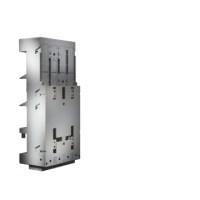 SV RILINE BUSBAR SYSTEM120MMX277MM TOP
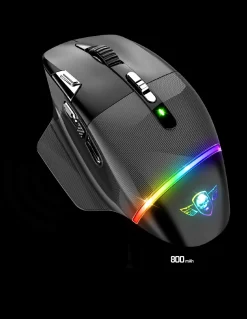 Xpert-M800 Wireless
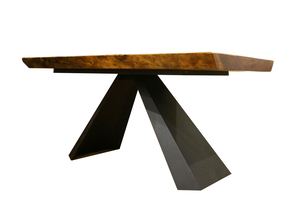 Best Selling Products Outward-Angled Metal Furniture <b>Legs</b> <b>Table</b> Wholesale <b>Table</b> <b>Legs</b> For Furniture - Product Image 6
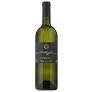 Fontodi - Meriggio Sauvignon Blanc 2022 (750ml) (750ml)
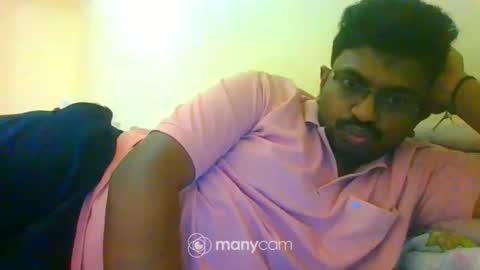 hotgluteus4321 online show from February 23, 2026, 10:01 am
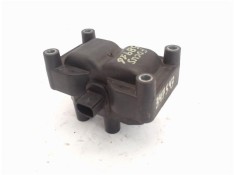 Recambio de bobina encendido para ford focus ii (da_) 1.6 referencia OEM IAM 0221503485 988F12029AD 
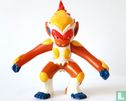 Infernape - Image 1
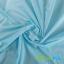 PUL ProSoft FoodSAFE® - 1mil - Blue neonato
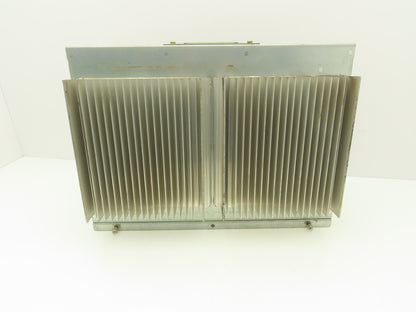 Fanuc A06B-6105-H003 AC Servo Drive Amplifier Circuit Board Module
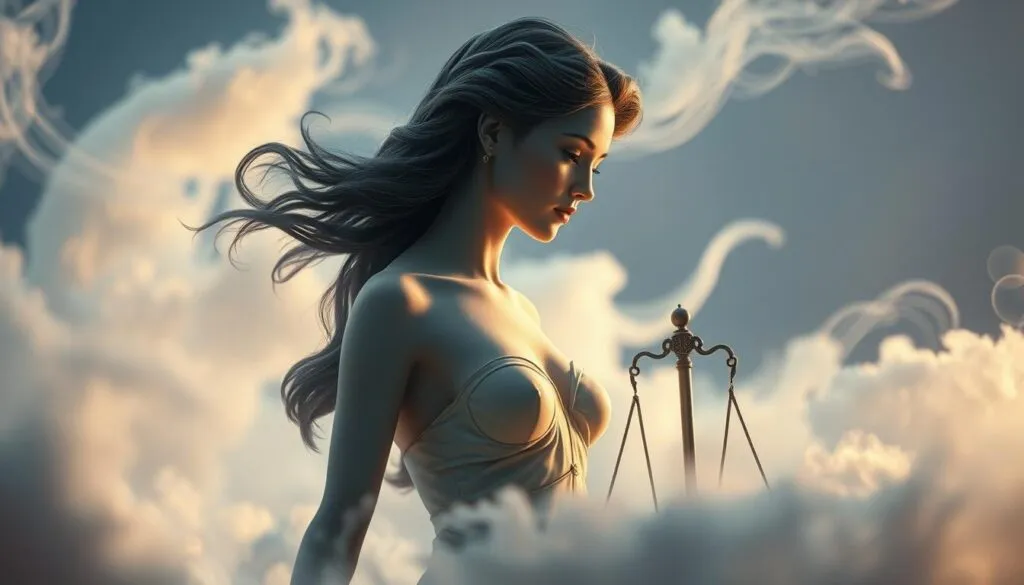 Waage Luftzeichen Kompatibilität Waage Luftzeichen Kompatibilität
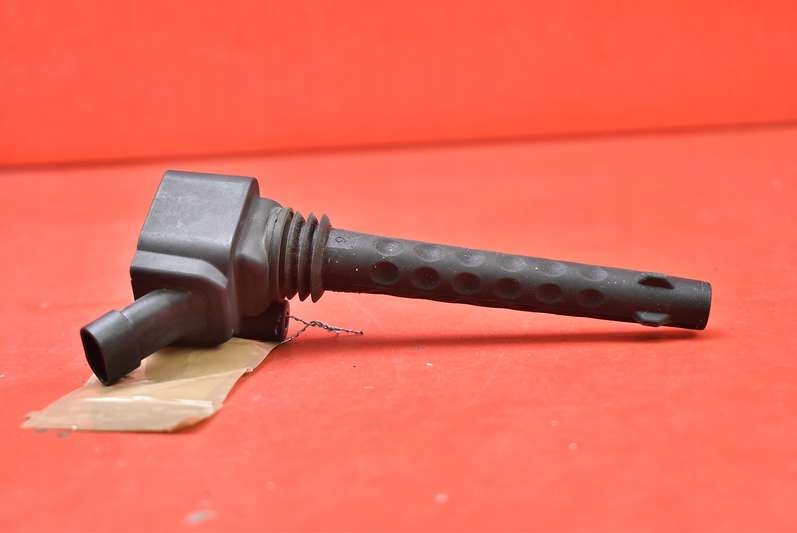 фото №5, Катушка зажигания 55213613 alfa romeo mito 1.4 t-jet 120 km 08-13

***

WORK REQUEST. Transcribe exactly the portion of the material above that runs from the line containing "Fanuc A06B-6105-H003 AC" through its last line, omitting all pictures.

EXERCISE RESPONSE.
 Fanuc A06B-6105-H003 AC Servo Drive Amplifier Circuit Board Module
 Waage Luftzeichen Kompatibilität Waage Luftzeichen Kompatibilität
 фото №5, Катушка зажигания 55213613 alfa romeo mito 1.4 t-jet 120 km 08-13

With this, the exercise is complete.